Items from a dataset:
........

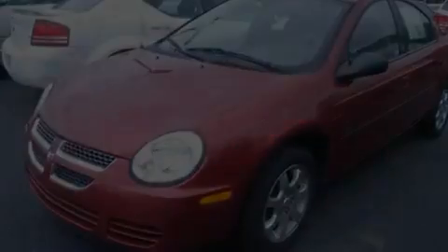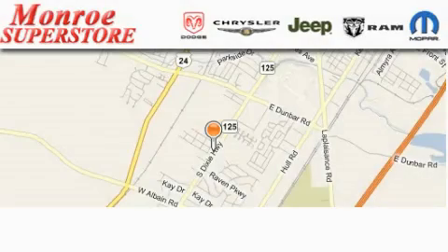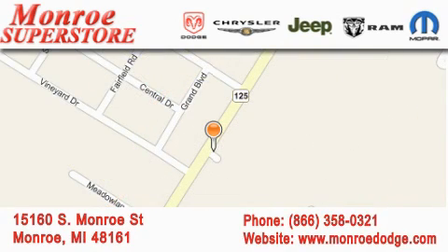We invite you to contact us today to learn more about this vehicle. Monroe Dodge Chrysler Jeep is located at 15160 South Monroe Street in Monroe. Our goal is to exceed all of your expectations to ensure that you'll return for future visits.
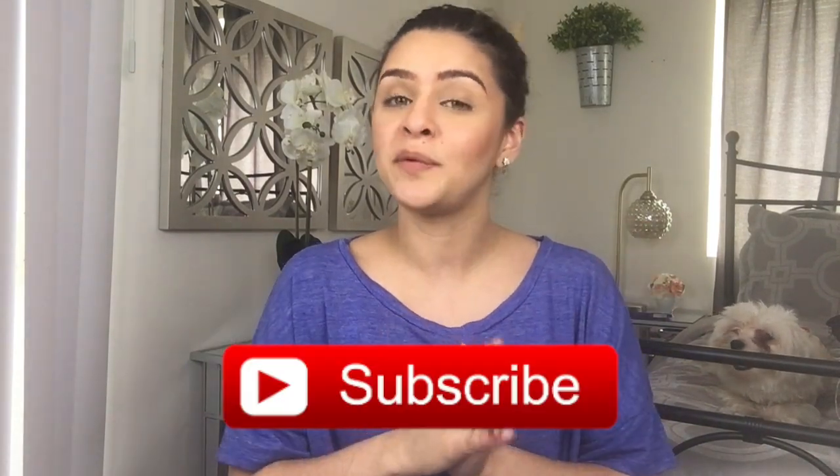Hi guys, welcome back to my channel. For those of you who are new, I usually upload videos Monday, Tuesdays, and Thursdays — usually about makeup and all the things that interest me. So if you like this video, don't forget to give it a thumbs up and subscribe before you leave. I really appreciate it.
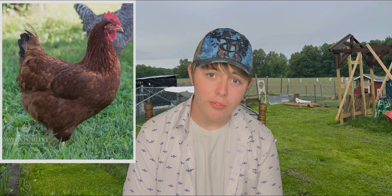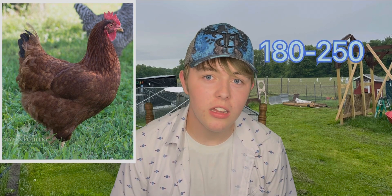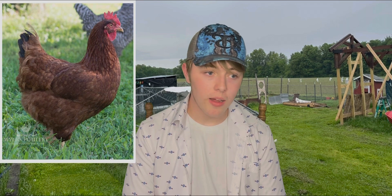Next up, we have the Rhode Island Red, which I have a couple of them out there. They are very nice to people, but not so nice to other chickens. So keep that in mind — don't put them in a mixed flock. They look a lot like Issa Browns, but they lay about 180 to 250 eggs per year. I get four or five eggs a week from my Rhode Island Reds, so that's why they're number two on my list.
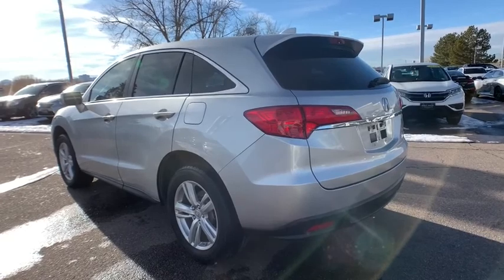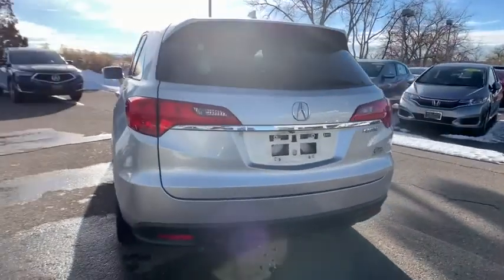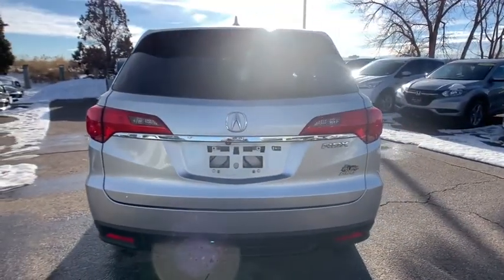This vehicle has less than 125,000 miles. Here are some of this vehicle's great options.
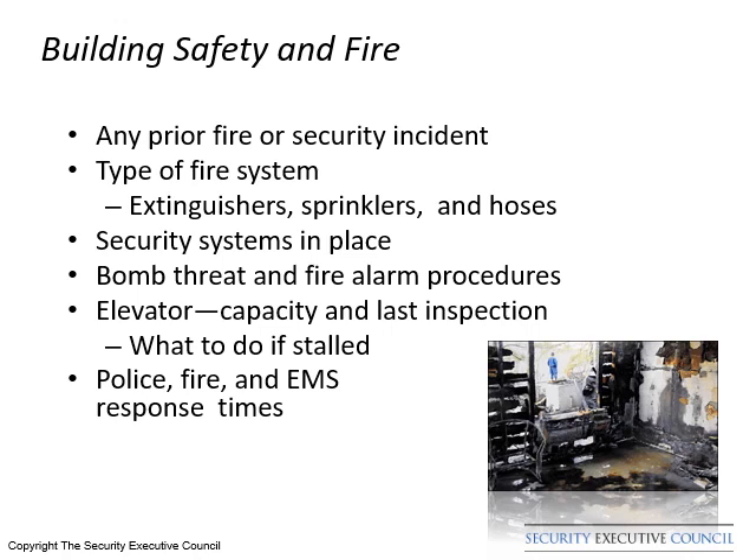If an elevator is used, the last inspection date and capacity along with any manual override should be learned. Fire and ambulance response times need to be identified along with the nearest trauma hospital. The name of the hotel doctor and medical staff on duty should be included in the Security Advance Report.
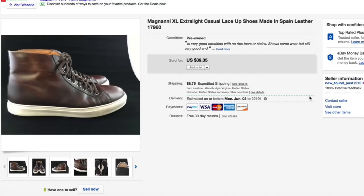These Magnani extra-large, extra-light casual lace-up shoes — I got these for three or four bucks and they'd been around for quite a while. Had them listed pretty high since new these are outrageously expensive. Got down to $39.35 and somebody paid the full asking of $39.95 plus shipping. These went through the global shipping program — somebody really wanted those shoes.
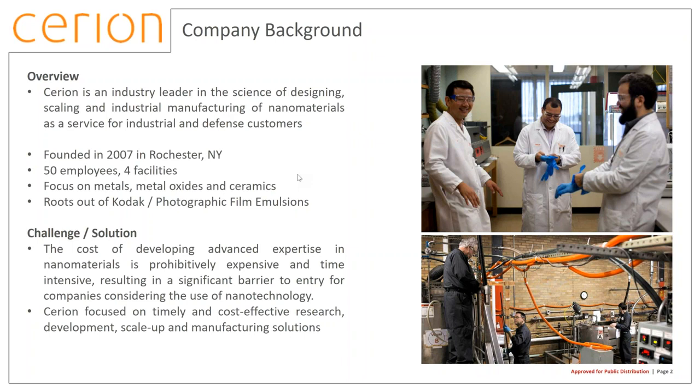We are now comprised of 50 employees across four facilities: our headquarters, a research and development lab — which we're expanding by about 5x in the coming months — our manufacturing facilities, and chemical storage. The company was traditionally focused on metals and metal oxides, which we're best known for. About four years ago we also made a push into nano ceramics, quite successfully, and now we have additional investments underway in hydrothermal processing as well as new techniques to make nanostructured grains.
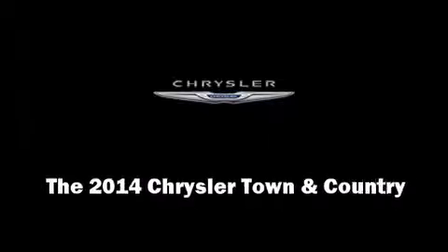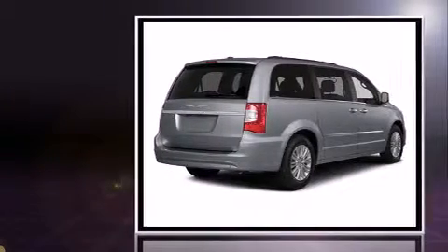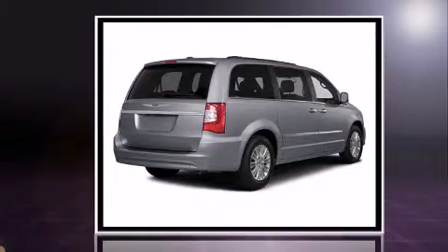Sensibility and practicality define the 2014 Chrysler Town & Country. This 7-passenger van offers the features and options for which you've been searching.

........

- _What you need to do_
Pictures stay out of this copy. Retype exactly the lines from the one with "These Magnani extra-large, extra-light" through the last line of the data, both ends included, and nothing more.

- _Answer space_
These Magnani extra-large, extra-light casual lace-up shoes — I got these for three or four bucks and they'd been around for quite a while. Had them listed pretty high since new these are outrageously expensive. Got down to $39.35 and somebody paid the full asking of $39.95 plus shipping. These went through the global shipping program — somebody really wanted those shoes.
We are now comprised of 50 employees across four facilities: our headquarters, a research and development lab — which we're expanding by about 5x in the coming months — our manufacturing facilities, and chemical storage. The company was traditionally focused on metals and metal oxides, which we're best known for. About four years ago we also made a push into nano ceramics, quite successfully, and now we have additional investments underway in hydrothermal processing as well as new techniques to make nanostructured grains.
Sensibility and practicality define the 2014 Chrysler Town & Country. This 7-passenger van offers the features and options for which you've been searching.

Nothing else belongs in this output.